The bill in Congress, which would instead replace Fannie Mae and Freddie Mac with a new agency known as the Federal Mortgage Insurance Corp. that would bear any catastrophic losses on mortgage bonds after private investors or insurers get wiped out, faces a "long and very uncertain road towards passage," according to Ed Mills and Paul Miller, analysts at FBR Capital Markets.
While a draft says the U.S. could offer payments to common and junior preferred shareholders once the government is paid off on almost $190 billion of aid, Guggenheim's Seiberg says the provision is being misread. Investors are assuming that payments the firms are now making from all their profits would be included in the calculation, he said.
"The senators are unlikely to write the bill in such a way that the dividend payments made to Treasury would count as repaying the senior preferred that the government owns," he said. "In other words, Fannie and Freddie are still on the hook" for the funds given to them in the bailout.
The proposal would also shift the revenue the companies earn from guaranteeing existing mortgage bonds, now totaling about $4 trillion, which have helped fuel their record profits as housing emerged from a six-year slump, to the Treasury Department. The government would then take over backing the securities and join with the companies' replacement in determining whether anything is paid out to private investors.
While the draft softened language in an earlier version over the treatment of preferred shareholders, "the distinction is somewhat meaningless because the way it would allow for the resolution of the companies may provide no money for others," said Charles Gabriel, a policy analyst at Capital Alpha Partners in Washington.
Hedge funds that own the preferreds, including Paulson and Claren Road Asset Management LLC, have urged lawmakers to drop plans for abolishing the companies.
The government is guaranteeing about 90 percent of new home loans, including about 60 percent through Fannie Mae and Freddie Mac and the rest through other agencies including the Federal Housing Administration. The companies were created to provide liquidity to the mortgage market and make it easier to buy a home -- Fannie Mae in 1938 during the Great Depression and Freddie Mac in 1970. Even after they helped fuel the housing bubble and contributed to the global credit crash, bond investors still say a version is needed in the U.S.
"The government needs to play a role in housing," said Daniel Hyman, a money manager specializing in mortgage securities at Pacific Investment Management Co., manager of the world's largest bond fund. "The way the world is set up, it can't purchase $5 trillion of additional mortgage assets without government guarantees, or at least certainly not anywhere near today's prices."
Banks are required to hold more capital against securities with credit risk and "foreign buyers still want the government guarantee to be involved in these markets," he said.
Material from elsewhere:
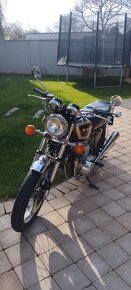 Honda CB 750 K7 - 2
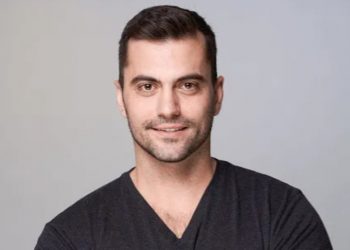 Si E Ngriti Një Perandori Në Silicon Valley, Me Vetëm 600 € Armir Harris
While the private mortgage bond market is slowly reviving, demand won't be enough without much higher yields.
"You can sneak through a small amount of that stuff but it's not clear where the next trillion clears," he said.
The government needs to reduce its role in the housing market from its current level, according to Michael Canter, head of securitized assets at AllianceBernstein, which oversees more than $250 billion in fixed-income. Still, a fully private model for U.S. housing is "not realistic," and would "constrain credit and increase house-price volatility down the road."
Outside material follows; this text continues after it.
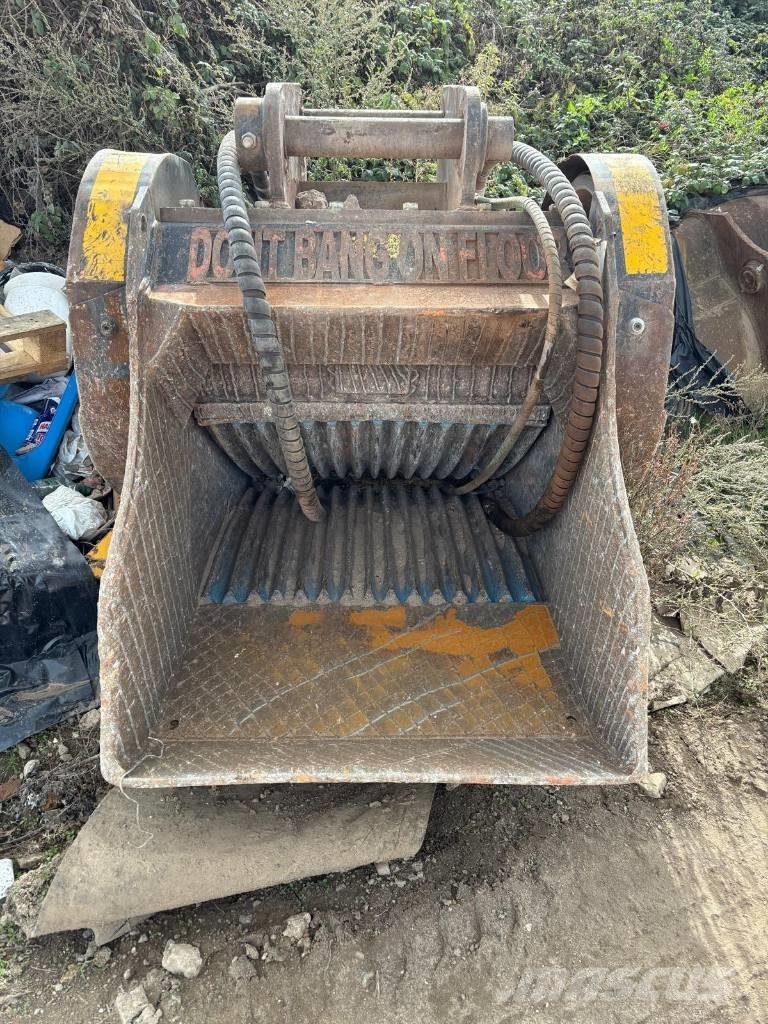 MB Crusher BF 80.3 Knusere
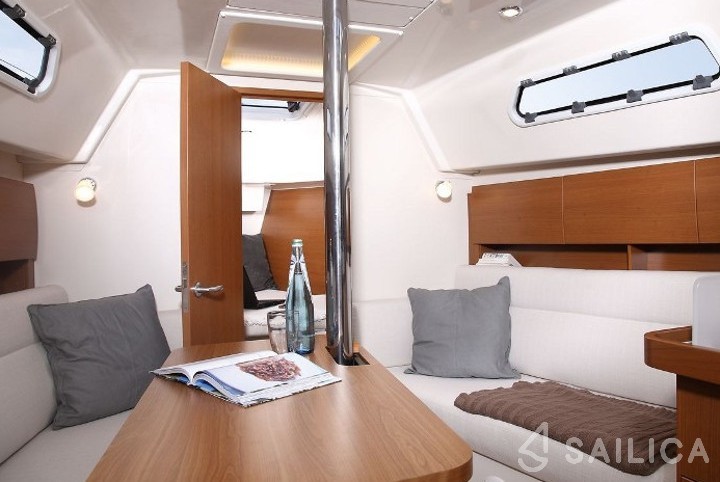 Hanse 325 - Yacht Charter Sailica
The likelihood of "substantive action" on reforming the mortgage finance system is remote until 2015 after midterm elections, according to Isaac Boltansky, an analyst with Compass Point Research & Trading LLC.
"Ultimately we believe it will be politically unpalatable to facilitate significant recoveries on the junior securities given the concentration of hedge fund ownership, but note this question remains far from answered," he wrote in a note.